» **WHAT YOU WILL DO**
Only the lines below from the one containing "جمعية درادب عين" through the last line should be set down, exactly as written and with no pictures.

** SUPPLIED MATERIAL follows **

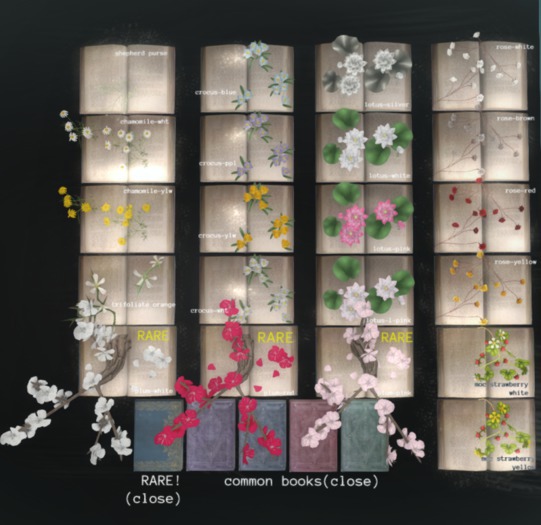 *N*FlowerPixi's Book Crocus wht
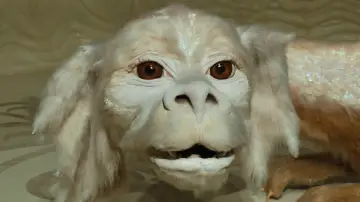 Backdrop to the movie "The NeverEnding Story" #1578471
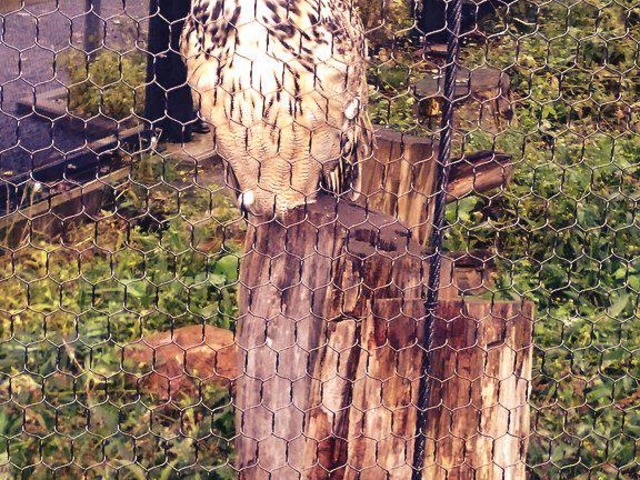 �ӂ��낤_���R������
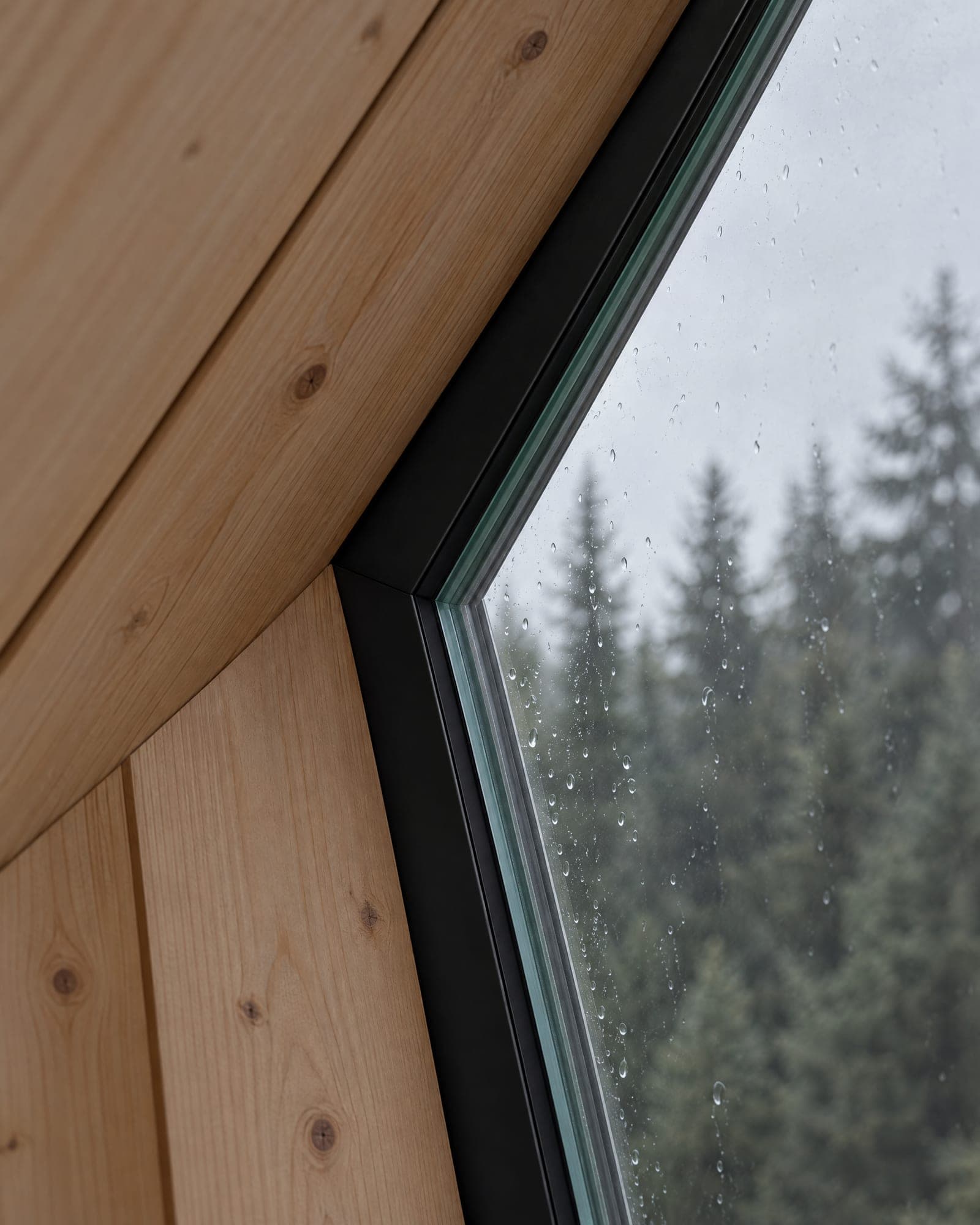 A slim black window frame meeting a pale larch reveal at a sharp angle, forest out of focus through the glass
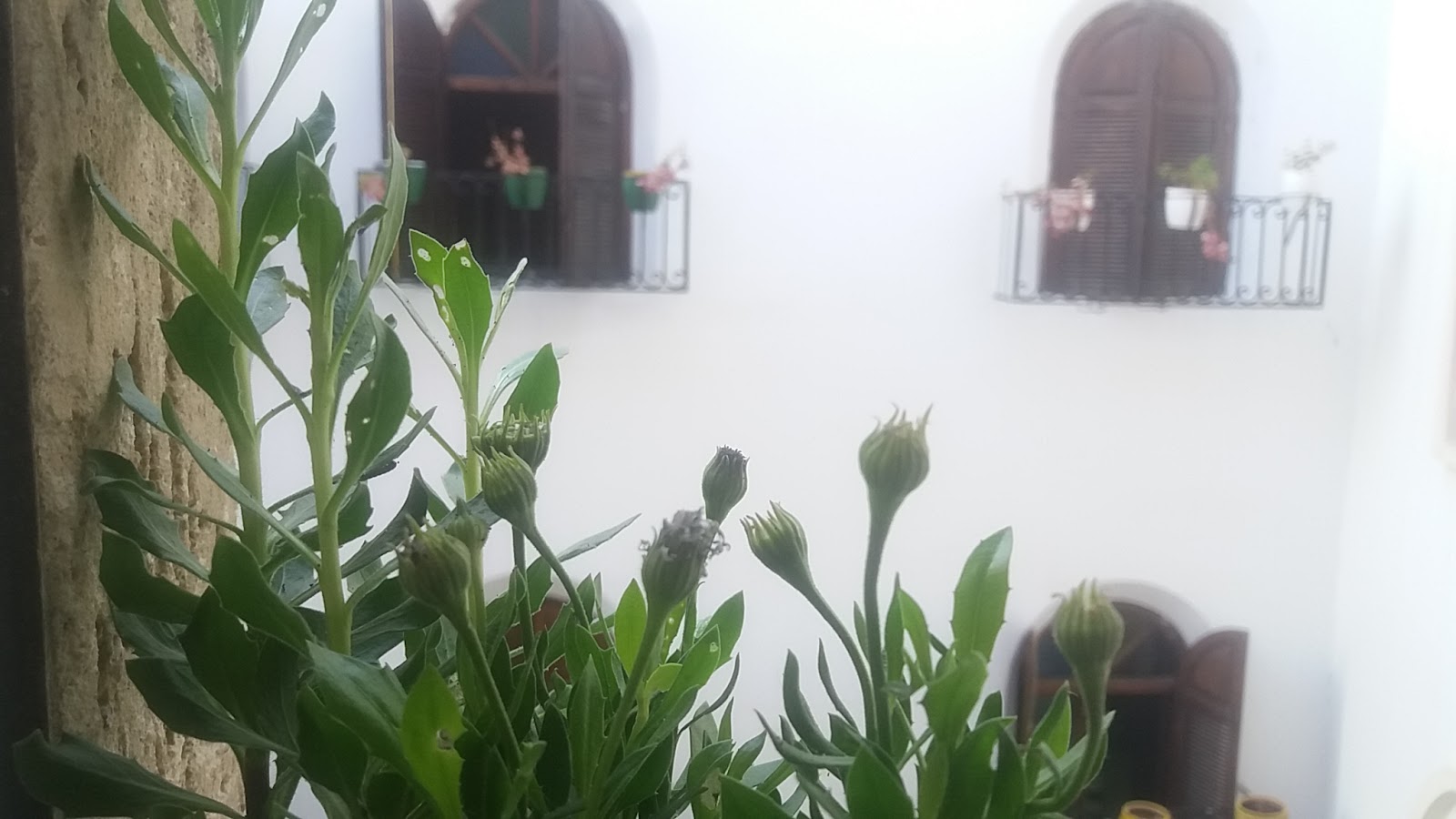 جمعية درادب عين حياني (لطلب الحلويات) Association Dradeb Ain Hayani - Tanger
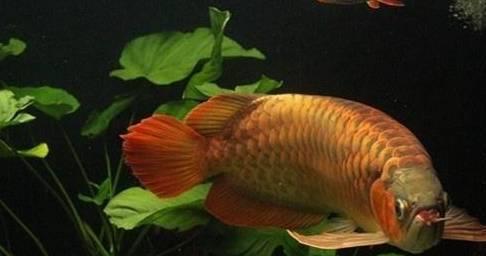 焦作市解放區豐收路春香觀賞魚經銷部（焦作市解放區豐收路春香觀賞魚經銷部電話）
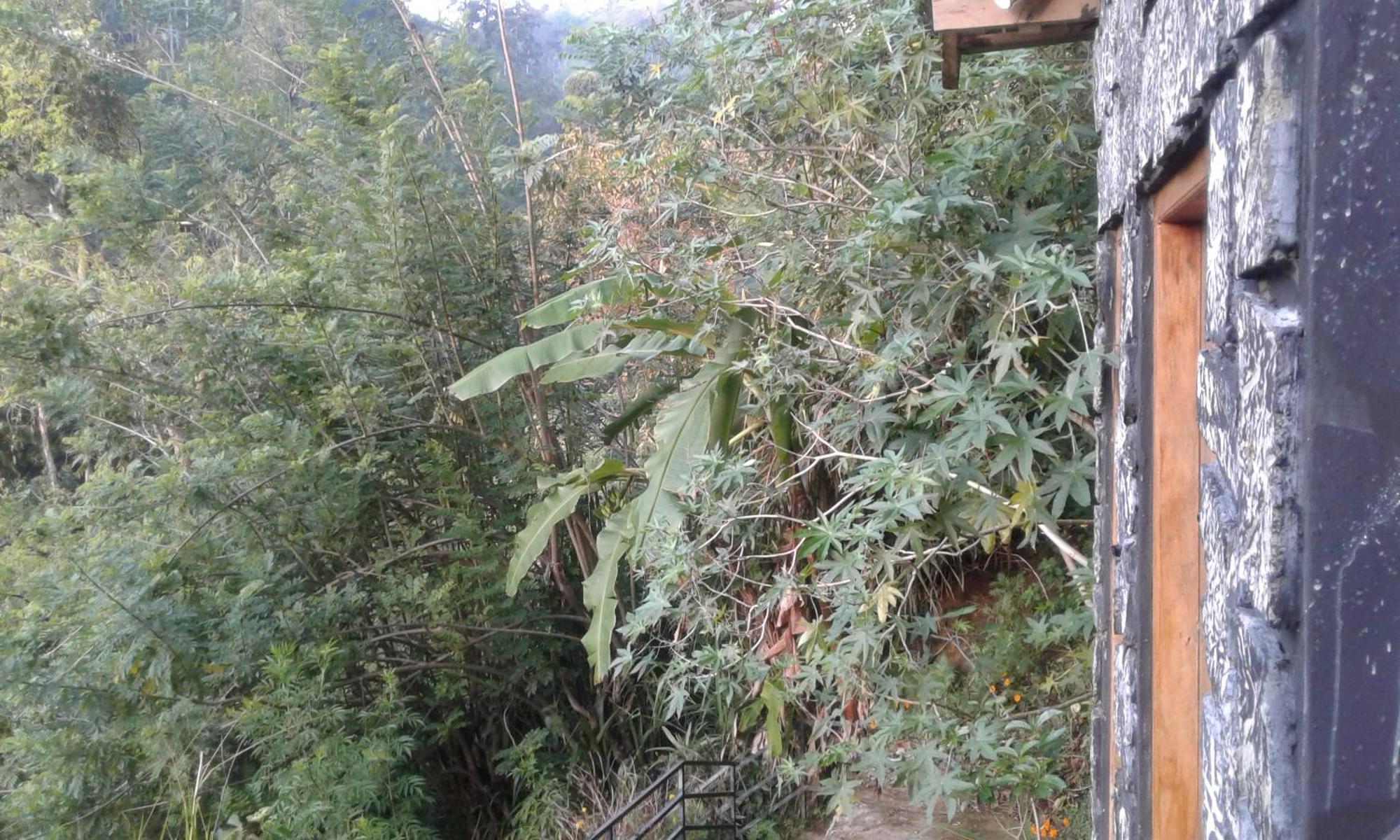 Ella Lucky Panoramic Hotel Cameră foto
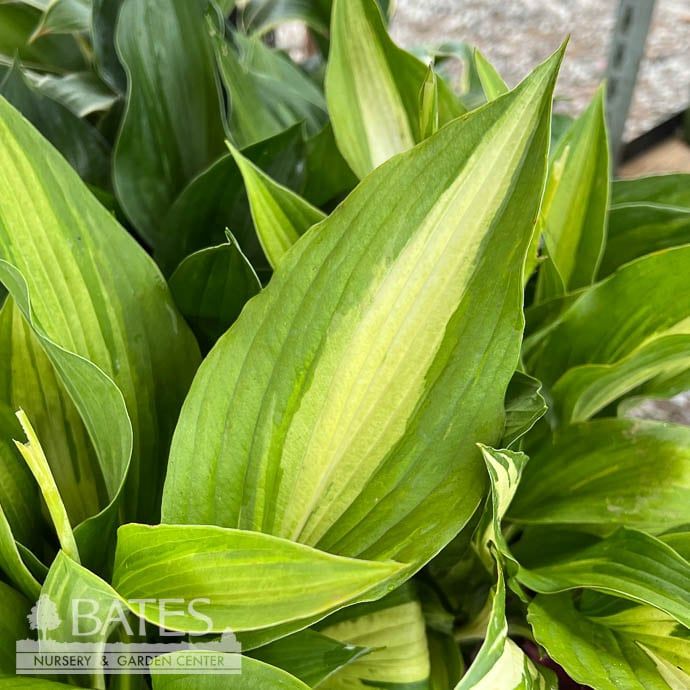 #1 Hosta Whirlwind/ Green, White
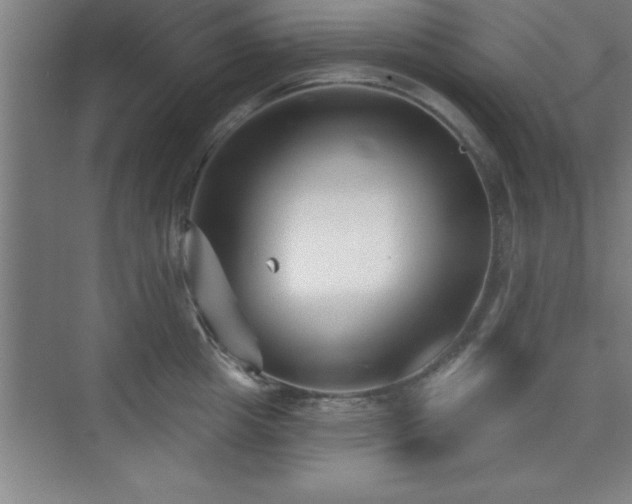 X0000073830857200608101201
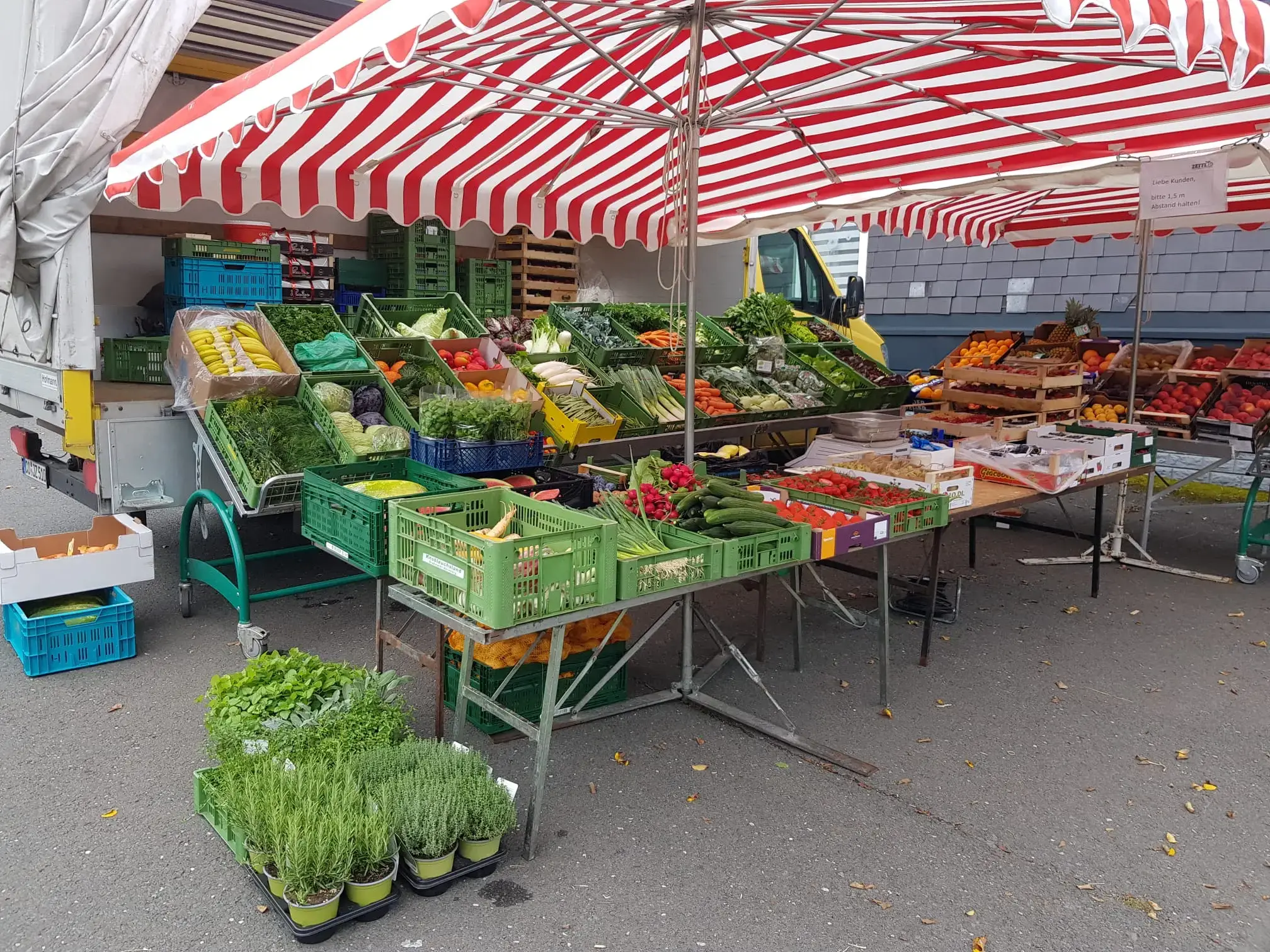 Zettl Marktstand in Neuhaus am Rennweg mit frischem Obst und Gemüse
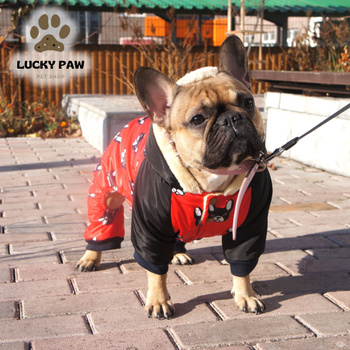 Бинты, бандажи, повязки для собак - купить в интернет-магазине sapsanmsk.ru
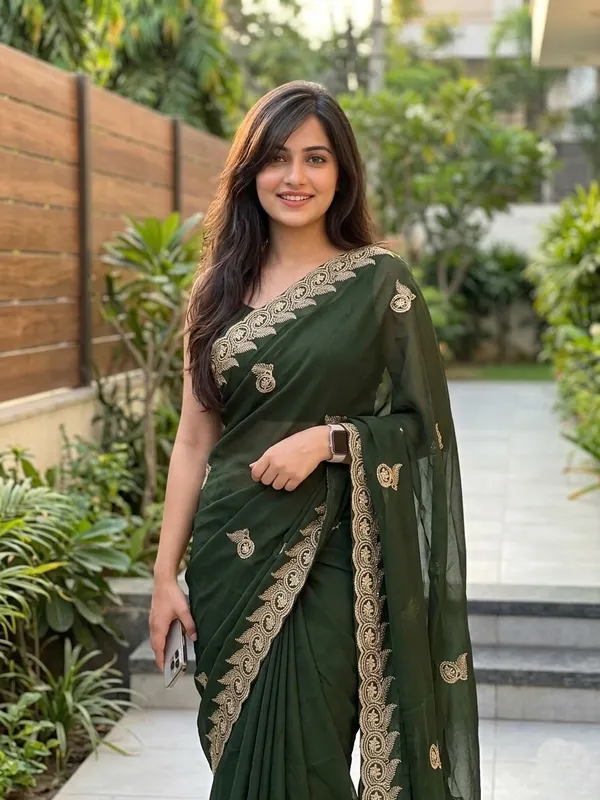 Embellished,_Embroidered,_Striped,_Woven_Bollywood_Chiffon_Saree_(Light_Green)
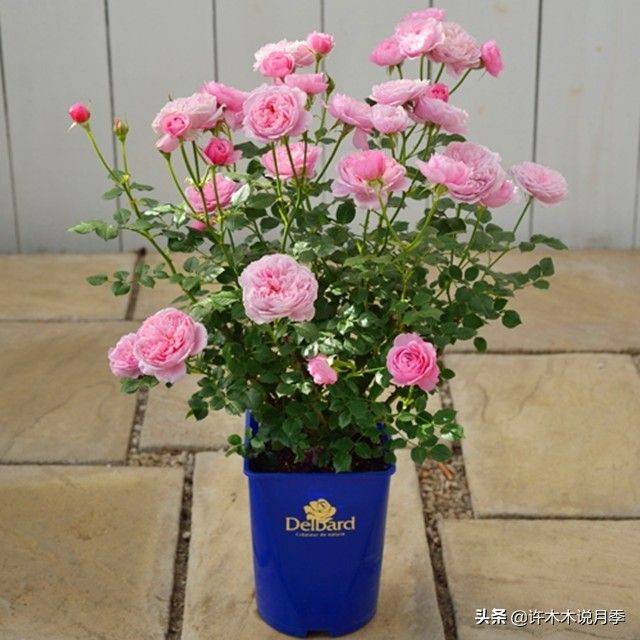 荷兰多头菊种植方法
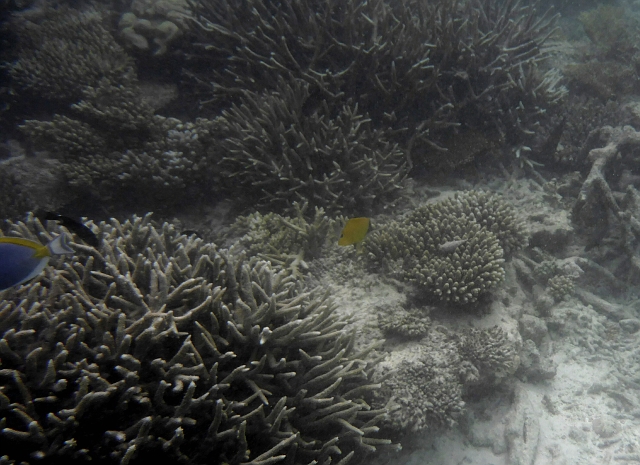 _20150711_175920.JPG - Ein Langmaulpinzettfisch (der gelbe)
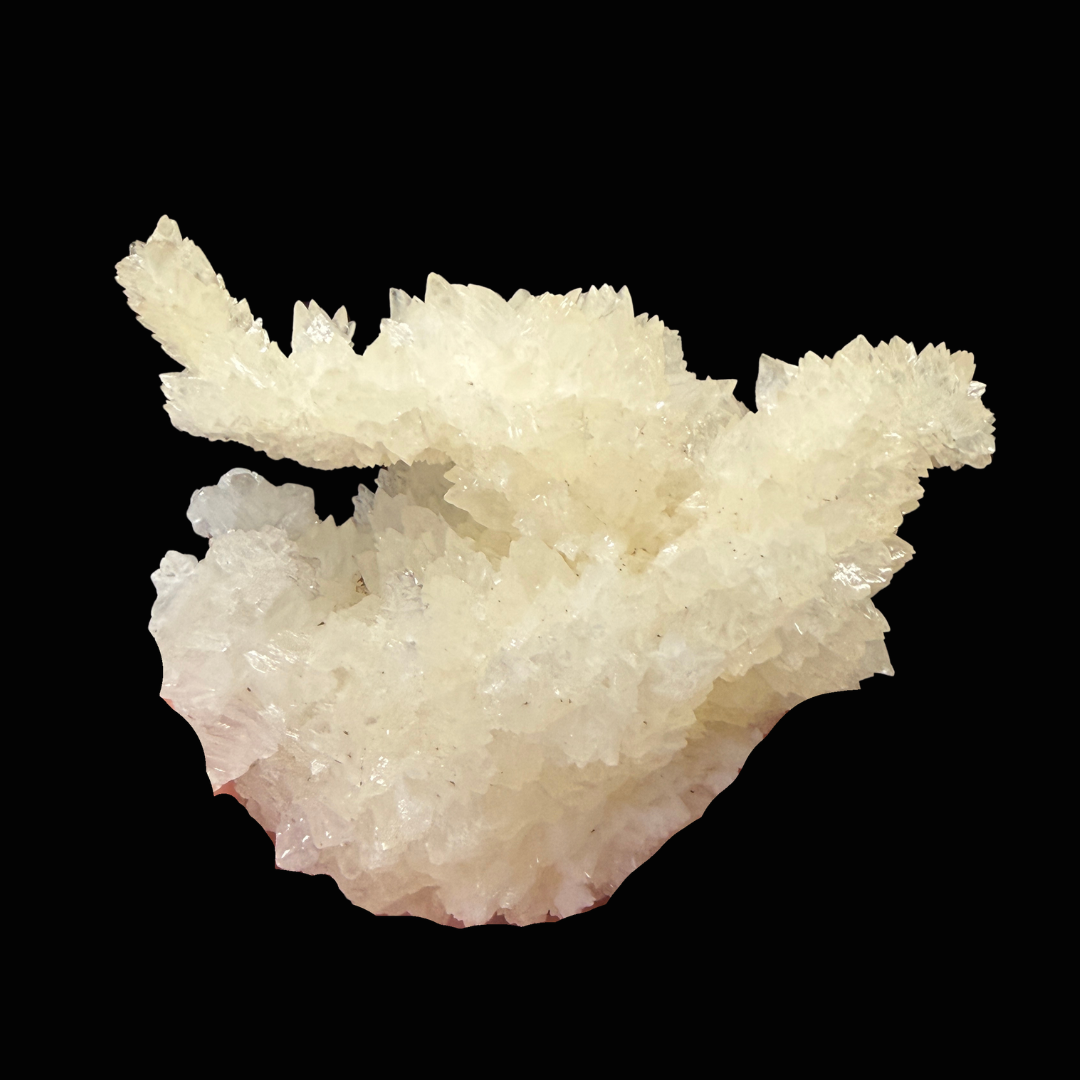 Aragonite - Calcite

** End of SUPPLIED MATERIAL **

» **TASK OUTPUT**
 جمعية درادب عين حياني (لطلب الحلويات) Association Dradeb Ain Hayani - Tanger
 焦作市解放區豐收路春香觀賞魚經銷部（焦作市解放區豐收路春香觀賞魚經銷部電話）
 Ella Lucky Panoramic Hotel Cameră foto
 #1 Hosta Whirlwind/ Green, White
 X0000073830857200608101201
 Zettl Marktstand in Neuhaus am Rennweg mit frischem Obst und Gemüse
 Бинты, бандажи, повязки для собак - купить в интернет-магазине sapsanmsk.ru
 Embellished,_Embroidered,_Striped,_Woven_Bollywood_Chiffon_Saree_(Light_Green)
 荷兰多头菊种植方法
 _20150711_175920.JPG - Ein Langmaulpinzettfisch (der gelbe)
 Aragonite - Calcite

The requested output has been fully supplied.